La arquitectura de esas casas de los barrios céntricos descrita con detalles; grandes aposentos unos a continuación de otros con el sanitario al final. La entrada con un portal de hierro, el zaguán con sus gradas de mármol y luego el vestíbulo; la primera habitación, situada sobre la calle, una pieza con balcones en los que sus habitantes se asomaban para observar lo que sucedía en la calle y, desde allí, conversaban con los vecinos y conocidos que transitaban por la acera. En fin, la vida que describe Casola envolvía los mandados para el almacén, la panadería, los paseos con la madre por la calle Palma, un espacio de cruces y encuentros, los juegos de trompo y bolita, el intercambio de figuritas:

“…ya no es la Asunción amada de jazmines y naranjos, sino una medusa de mil cabezas que escupe humo y está ansiosa por devorar a los incautos ancianos que se desplazan flanqueados por esas centelleantes amenazas en que se convirtieron las calles, las avenidas, la ciudad entera”. (p. 236).
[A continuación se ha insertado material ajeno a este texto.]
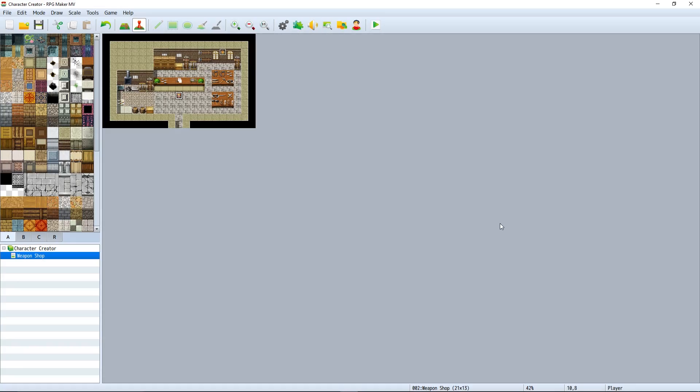The Character Creator plugin — a plugin that allows players to create their own character within the RPG Maker MV game itself. Let's get straight into it.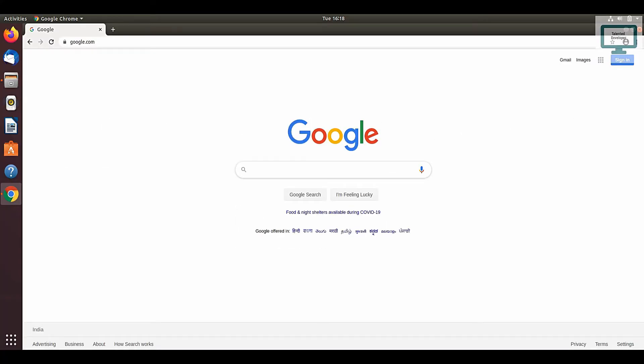Hello everyone, welcome to Talented Developer. In this tutorial, we are going to install LDAP Apache Directory Studio in Ubuntu.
En sus pasajes alternan armoniosamente lo nuevo y lo viejo, lo arcaico y lo moderno que se nutren mutuamente en una porosidad en movimiento y renovación. Sus relatos constituyen camino, indagación y búsqueda, que convocan al lector a configuraciones multilineales sin contorno definido entre la distancia de los recuerdos, la presencia de voces del presente y los ecos del recuerdo.

Configuración estructural. Multiforme en su construcción, Casola combina texto en prosa y en verso, alterna diálogos y largos monólogos, entrevistas de estilo periodístico junto a relatos y hasta informes, noticias de periódicos sobre acontecimientos de la época que abarca la novela, recortes de diarios que atestiguan hechos que se recuerdan en el relato.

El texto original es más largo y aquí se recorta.